As a researcher at the National Institute of Geological Sciences, Bednarz will participate in the groundbreaking Transect project, which, in addition to its important scientific potential, is also pioneering as a historic collaboration.
Prior to this initiative, “political tensions have prevented coordinated collection of seismic data, thwarting a robust analysis of the region’s shared seismic hazards,” she explains. “The Transect project has secured the cooperation of each major Caucasus country — Armenia, Azerbaijan, Georgia, Russia and Turkey.”
As the first significant scientific alliance among the countries of the Caucasus, the Transect project could set a precedent for continued and deepened partnerships, she notes. “The implications go beyond science: for countries with relationships as complex as Armenia and Azerbaijan, fruitful collaboration of any sort sends a powerful message of peace and reconciliation.”
Bednarz will assist in analyzing data from more than 100 new seismic monitoring stations installed across the region. Her role in the Transect project is in part a continuation of her senior thesis research, for which she spent a year investigating earthquakes in the Caucasus region using cellular seismology — an analytic process conceived by her mentor, Associate Professor of Earth and Environmental Sciences Alan Kafka, in which seismologists systematically investigate the relationship between locations of past and future earthquakes in a given region. She worked with Kafka on the thesis, and had conducted independent research with him during her junior year.
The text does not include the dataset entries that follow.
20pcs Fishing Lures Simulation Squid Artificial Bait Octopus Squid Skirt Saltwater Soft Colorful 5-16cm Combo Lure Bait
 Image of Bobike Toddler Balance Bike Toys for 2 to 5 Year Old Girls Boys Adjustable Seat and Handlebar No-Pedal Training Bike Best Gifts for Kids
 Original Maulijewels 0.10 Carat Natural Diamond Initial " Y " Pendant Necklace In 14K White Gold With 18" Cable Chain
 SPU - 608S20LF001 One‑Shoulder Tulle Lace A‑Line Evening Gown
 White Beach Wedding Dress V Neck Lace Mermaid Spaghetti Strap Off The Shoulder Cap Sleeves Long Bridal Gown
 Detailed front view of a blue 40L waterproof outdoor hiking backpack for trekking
In the Morrissey College of Arts and Sciences Honors Program, Bednarz majored in geological sciences and minored in physics. She is a member of the Sigma Pi Sigma honor society, which recognizes outstanding scholarship in physics, and the Omicron Chapter of Massachusetts Phi Beta Kappa. In 2014, she was awarded an Advanced Study Grant for a project titled “A Stride Towards Geothermal Development.”